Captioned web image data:
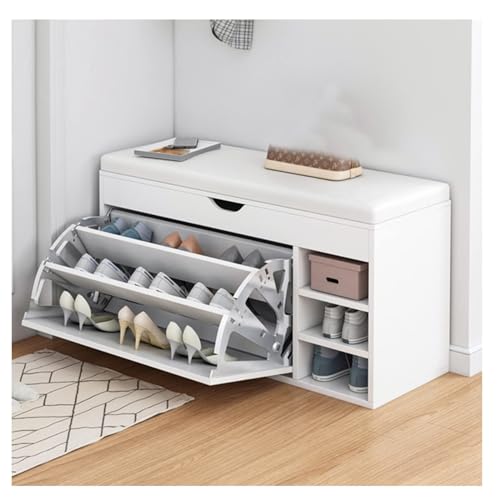 Banc de rangement à chaussures haut de gamme en PU blanc 80cm - 2
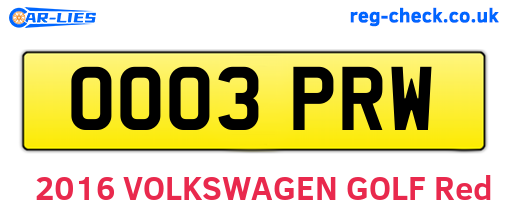 OO03PRW are the vehicle registration plates.
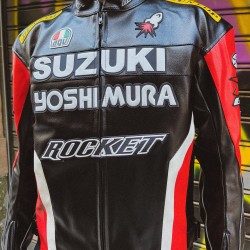 SUZUKI BLACK RACING LEATHER BIKE JACKET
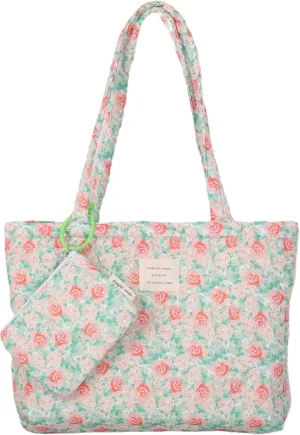 Floral Quilted Cotton Shoulder Bag Set 2-in-1 Handbag with Matching Mini Pouch Large Capacity Tote for Women A054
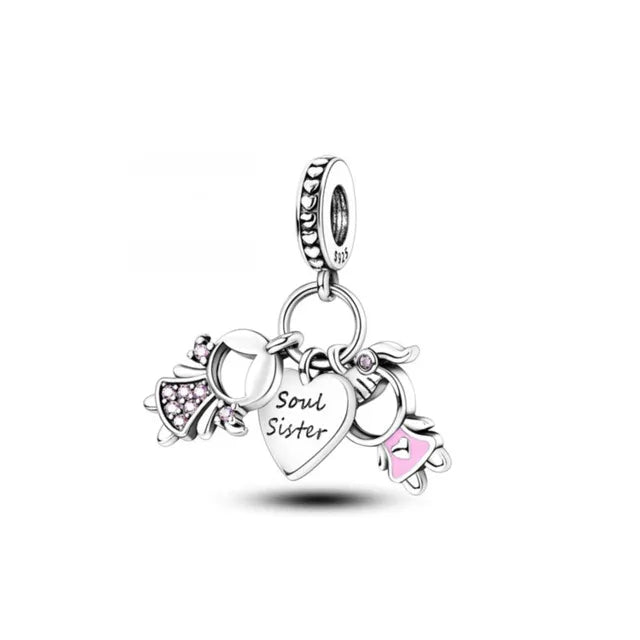 Sterling Silver Sunflower Best Friend Charm Bead - Bracelet Accessory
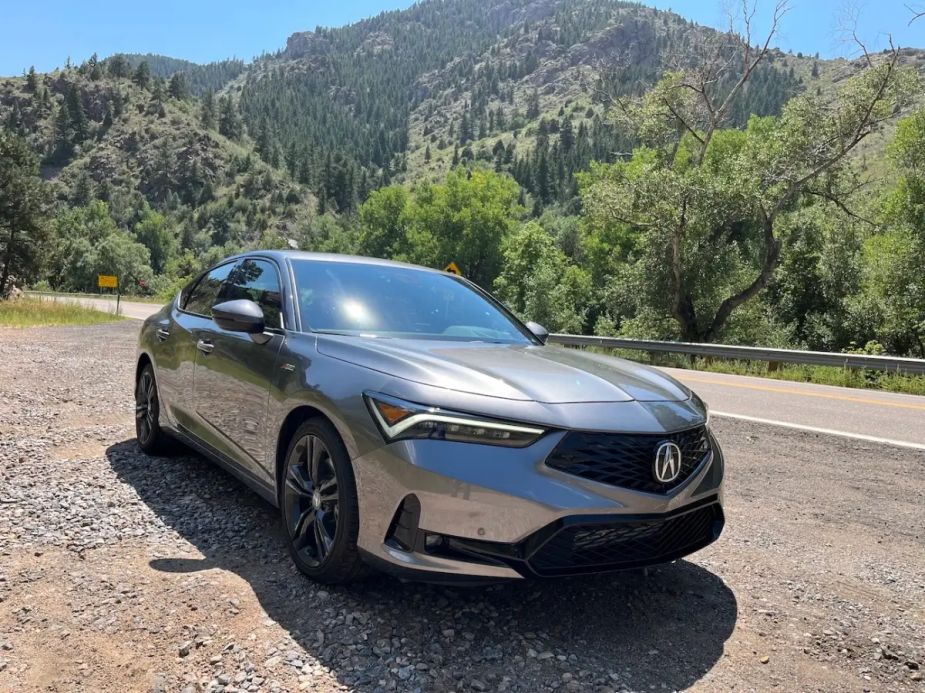 An exterior shot of the safest compact car of 2023, the Acura Integra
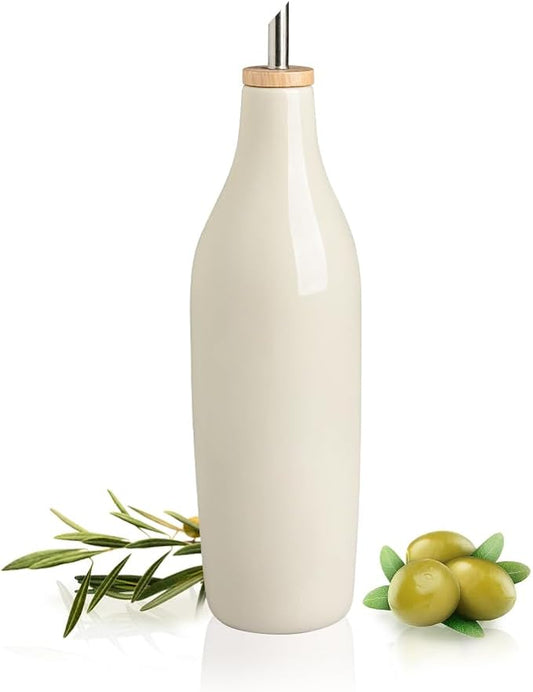 Sweejar Matte Ceramic Olive Oil Dispenser Bottle with Spout, 17 Oz Oil Dispenser for Kitchen Counter, Opaque Oil Cruet for EVOO, Vinegar, Avocado Oil Container for Cooking, Pack of 1 (Beige) by Sweejarco1949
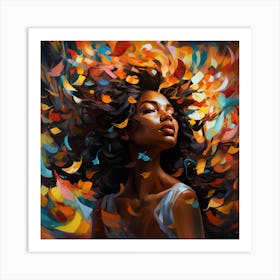 Woman With Colorful Hair 10 Art Print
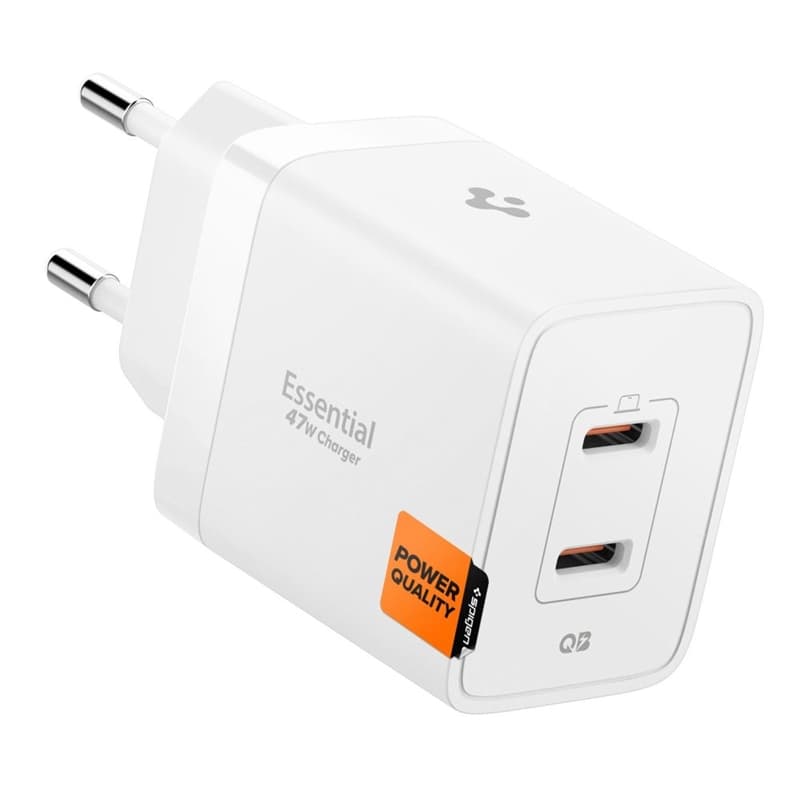 Spigen Essential EE472EU GaN Pro - 2x USB-C 47W Wall Charger (White) 1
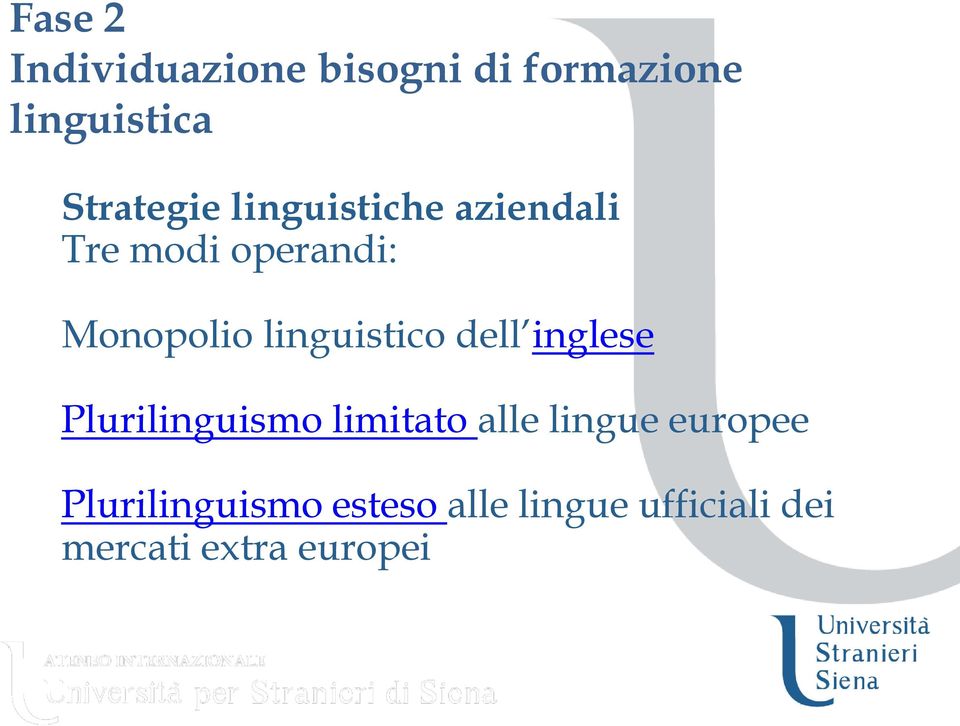 linguistico dell inglese Plurilinguismo limitato alle lingue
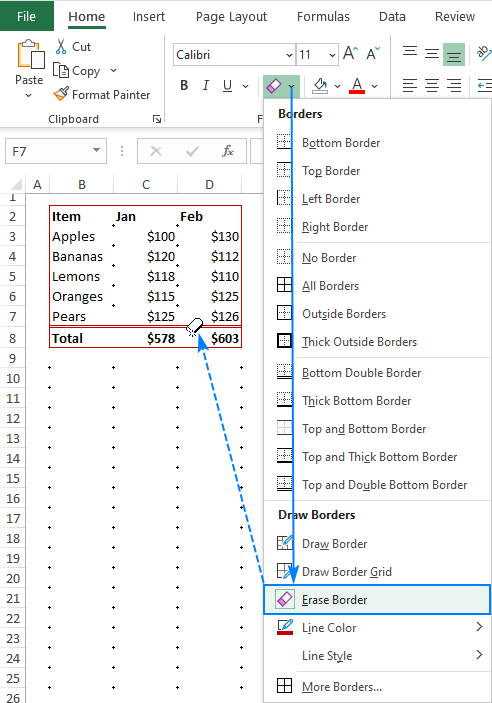 Erasing borders in Excel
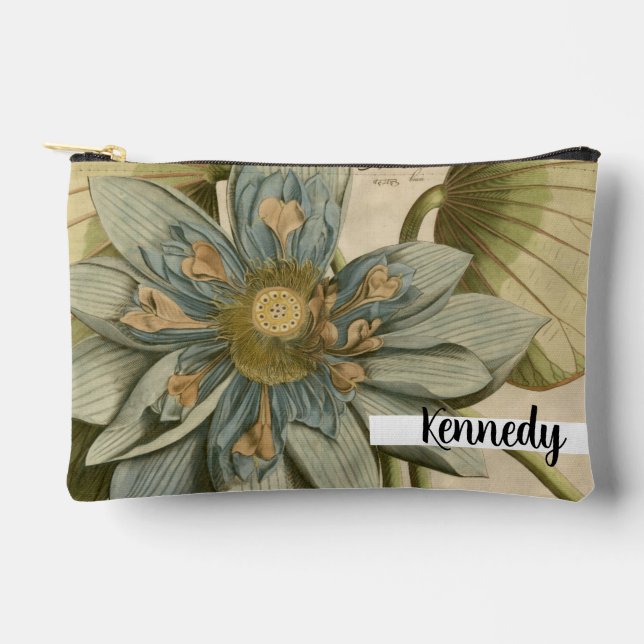 Blue Lotus Flower on Tan Background with Writing Accessory Pouch (Front)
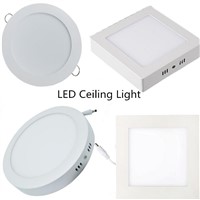 LED Ceiling Light Surface Mounted Spuare Round Panel Light 12W 18W 24W Recessed LED Down Light Spotlight Warm Cold White |201740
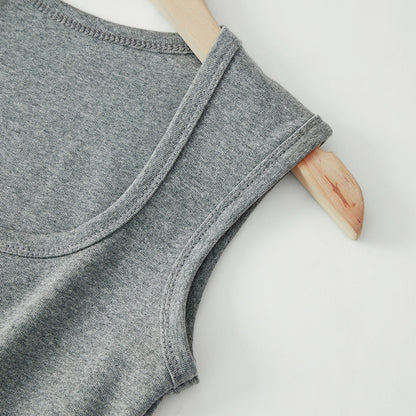 Stretch Cotton Tank Top Sleeveless Slim Fit Crop Top Casual Inner Wear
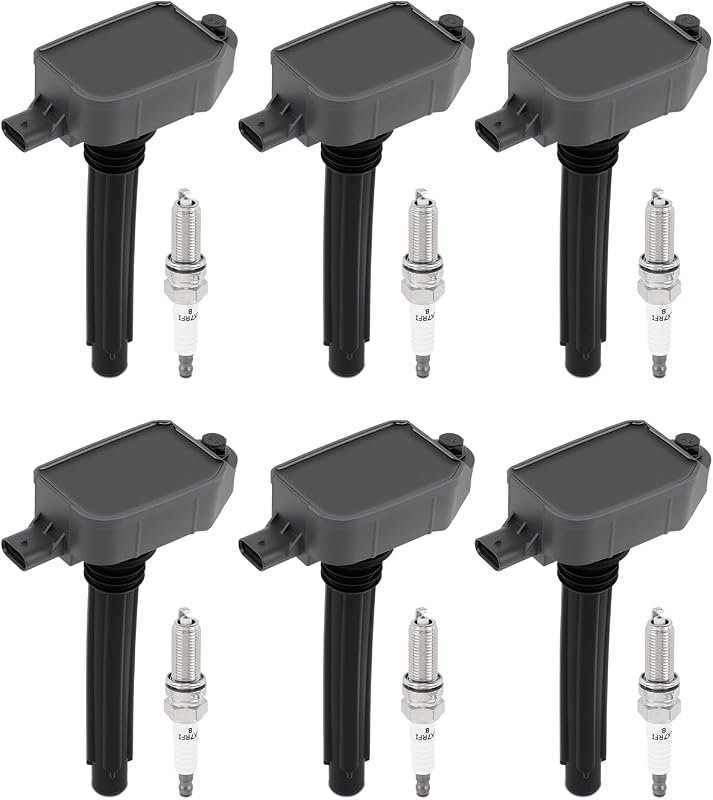 6 Piece UF807 Ignition Coil and Iridium Spark Plug Set for Chrysler Do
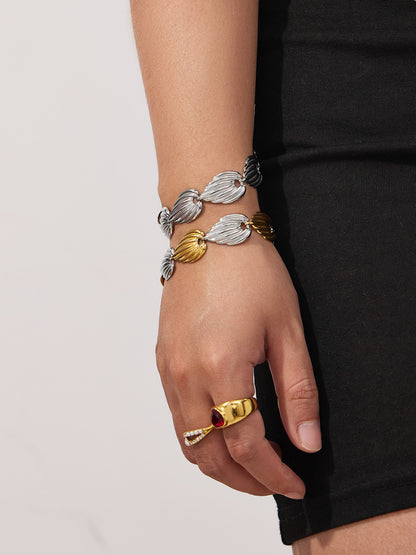 316L Stainless Steel Geometric Watermelon Heart Two-Tone Necklace, Bracelet & Body Chain - Image 10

**WHAT IS EXPECTED**
Return the records above in their entirety, word for word, with the pictures removed.

**ANSWER TO THE PROBLEM**
 Banc de rangement à chaussures haut de gamme en PU blanc 80cm - 2
 OO03PRW are the vehicle registration plates.
 SUZUKI BLACK RACING LEATHER BIKE JACKET
 Floral Quilted Cotton Shoulder Bag Set 2-in-1 Handbag with Matching Mini Pouch Large Capacity Tote for Women A054
 Sterling Silver Sunflower Best Friend Charm Bead - Bracelet Accessory
 An exterior shot of the safest compact car of 2023, the Acura Integra
 Sweejar Matte Ceramic Olive Oil Dispenser Bottle with Spout, 17 Oz Oil Dispenser for Kitchen Counter, Opaque Oil Cruet for EVOO, Vinegar, Avocado Oil Container for Cooking, Pack of 1 (Beige) by Sweejarco1949
 Woman With Colorful Hair 10 Art Print
 Spigen Essential EE472EU GaN Pro - 2x USB-C 47W Wall Charger (White) 1
 linguistico dell inglese Plurilinguismo limitato alle lingue
 Erasing borders in Excel
 Blue Lotus Flower on Tan Background with Writing Accessory Pouch (Front)
 LED Ceiling Light Surface Mounted Spuare Round Panel Light 12W 18W 24W Recessed LED Down Light Spotlight Warm Cold White |201740
 Stretch Cotton Tank Top Sleeveless Slim Fit Crop Top Casual Inner Wear
 6 Piece UF807 Ignition Coil and Iridium Spark Plug Set for Chrysler Do
 316L Stainless Steel Geometric Watermelon Heart Two-Tone Necklace, Bracelet & Body Chain - Image 10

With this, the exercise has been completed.